Formulating Optimization Problems
A solver can only answer the question you actually ask it. The hardest — and most valuable — step in optimization is rarely the arithmetic; it is turning a messy real decision into three precise mathematical objects: the variables you may set, the single quantity you want best, and the rules you must respect. This chapter is a workshop in that craft — the three-step recipe, the standard form every solver expects, the modeling tricks that tame awkward requirements, and the classic templates you will meet again and again.
- The three-step recipe for formulation: define the variables, write the objective, express the constraints.
- How to choose good decision variables — continuous, integer, or binary — and index them cleanly.
- The four working kinds of constraint: resource (\(\le\)), requirement (\(\ge\)), balance (\(=\)), and simple bounds.
- How to reach LP standard and canonical form using slack, surplus, and free-variable splitting.
- Modeling tricks that linearise awkward requirements: maximization, absolute values, minimax, and fixed-charge (binary) logic.
- The classic templates — product mix, diet/blending, transportation, assignment, and knapsack — that recur across engineering.
Why Formulation Matters
Chapter 1 named the three ingredients of any optimization problem. This chapter is about assembling them — the skill of formulation, or mathematical modelling. It is where most of the real difficulty (and most of the exam marks) actually lives. A perfect algorithm applied to a wrong model gives a wrong answer with total confidence; a rough algorithm applied to a faithful model still points you in the right direction. The model is the leverage point.

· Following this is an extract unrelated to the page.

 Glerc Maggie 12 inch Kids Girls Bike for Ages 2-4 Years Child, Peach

Formulation follows one disciplined recipe, applied in order. First decide what you may choose and give each choice a symbol — the decision variables. Then write the single number you are trying to make best — the objective. Finally list every rule the choice must obey — the constraints. Only when all three are on paper is the problem "well-posed" and ready for a method.

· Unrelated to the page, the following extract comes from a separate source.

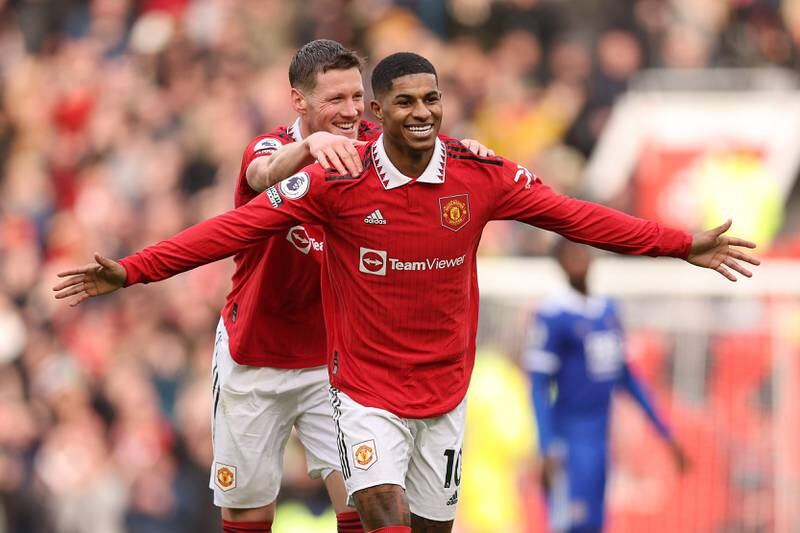 Manchester United's Wout Weghorst celebrates Marcus Rashford's second goal against Leicester City in the 3-0 Premier League victory at Old Trafford on February 19, 2023. Getty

Always in this order. You cannot write an objective until you know what the variables are, and you cannot write constraints until you know both. Skipping straight to equations is the commonest source of a broken model.
Step 1 — Choosing the Decision Variables
The decision variables are the quantities you are free to set; everything else in the model is expressed in terms of them. Good variable choice is half the battle. Each variable needs a clear meaning and explicit units — "let \(x_j\) be the tonnes of alloy \(j\) produced per day" is a variable; "let \(x\) be production" is a future bug. Use indices for families of similar quantities: \(x_j,\ j = 1,\dots,n\).
Variables come in three flavours, and the flavour decides which part of the book solves the problem. Continuous variables take any real value in a range (a flow rate, a length). Integer variables take whole numbers (how many trucks). Binary variables \(y \in \{0,1\}\) encode yes/no decisions (build the plant or not) and are the key to modelling logic.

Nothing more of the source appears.